舞台從小鎮來到了整個意大利社會,小鎮雖小,從這裡成長起來的人卻擁有完全不同的社會位置。有產者,無產者,共產主義者,法西斯。而諸多不同似乎又有跡可循,鎮上最有錢的那批人在他們的父輩時期就完成了資本的積累(放高利貸);恩佐溫柔善良,是底層的小職員;帕斯卡羅嫉惡如仇,是共產黨的積極分子;吉諾自小頑劣,成為了法西斯黨徒。
至此,人物成為了歷史的一部分,小鎮被推開,延伸出到整個世界。在大的時代背景下,我們才愈發感受到人物身上的力量以及這股力量在面對時代浪潮時的張力和無力。
故事發生在上世紀60年代,彼時意大利失業率上升,民眾對於政府的不滿與日俱增,受馬克思主義思潮的影響,左翼運動開始抬頭,同時,在社會背景的影響下,意大利女權運動也於上世紀70年代初期爆發,並和“工人主義”和“自由主義”相結合。
時代是故事的背景,也是故事的主題。縱觀整個故事,離不開階層和女性,或者,它們本來就是一體兩面。
萊努大學畢業,寫出了第一本小說,這本小說讓她迅速躋身意大利上流階層,未婚夫是大學教授,未婚夫的母親也極力幫助推廣她的書,帶她接觸意大利文藝界和政治界人士。她在羅馬、米蘭之間穿梭,但是還是不得不面對街區鄰人對於“某幾頁”的放肆想像。
莉拉掙扎在那不勒斯郊區的香腸廠,繁重的工作讓她憔悴不堪,但是生活的重擔不止於此,男工的輕薄調戲,老闆的心懷鬼胎,其它女性職員的習以為常和視若無睹,無時無刻不在折磨著她。
此時,共產運動在街區如火如荼地展開。
莉拉在工會聚會中再一次說出了真相,當學生們喊著口號的時候,她說,我就是無產階級,我身邊也都是無產階級,可是我並不覺得他們身上有什麼值得學習的地方。
真實打敗了概念。那些習慣於用理論和概念武裝自己的學生,很多時候會陷入到自我感動的陷阱中去。莉拉集會的發言被印製成傳單散發,這給她帶來了麻煩,而當她因為這件事情責怪工會時,她的憤慨並沒有被理解。
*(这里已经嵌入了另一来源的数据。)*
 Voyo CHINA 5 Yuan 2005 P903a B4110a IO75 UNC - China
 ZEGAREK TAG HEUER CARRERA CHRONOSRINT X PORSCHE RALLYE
她質問,如果自己因此丟掉了工作,要怎麼辦?那個她向來看不起的女生說,你可以來我們這裡住。
一群年輕人的理想烏托邦,有什麼錯呢?他們沒有錯,莉拉卻因此暈倒了。
我們當然也可以談論社會,談論政治,談論人道主義,像尼諾和萊努一樣。我們也可以這樣,用概念去框住現實,然後自以為規訓了現實,懂得了世界。
萊努對尼諾的沉迷,與其說是愛這個人,不如說是對他所代表的那個知識階層的嚮往。厭惡出身,厭惡無知與魯莽,厭惡骯髒的街區,而唯一能把自己從那個泥沼中拉出來的,只有讀書——它至少提供了一個幻象。而尼諾呢,他高中就在報紙上發表文章,談論工人階級的處境,他熟知歐洲文化的最前沿,他(看似)不在意他人的眼光任性地活。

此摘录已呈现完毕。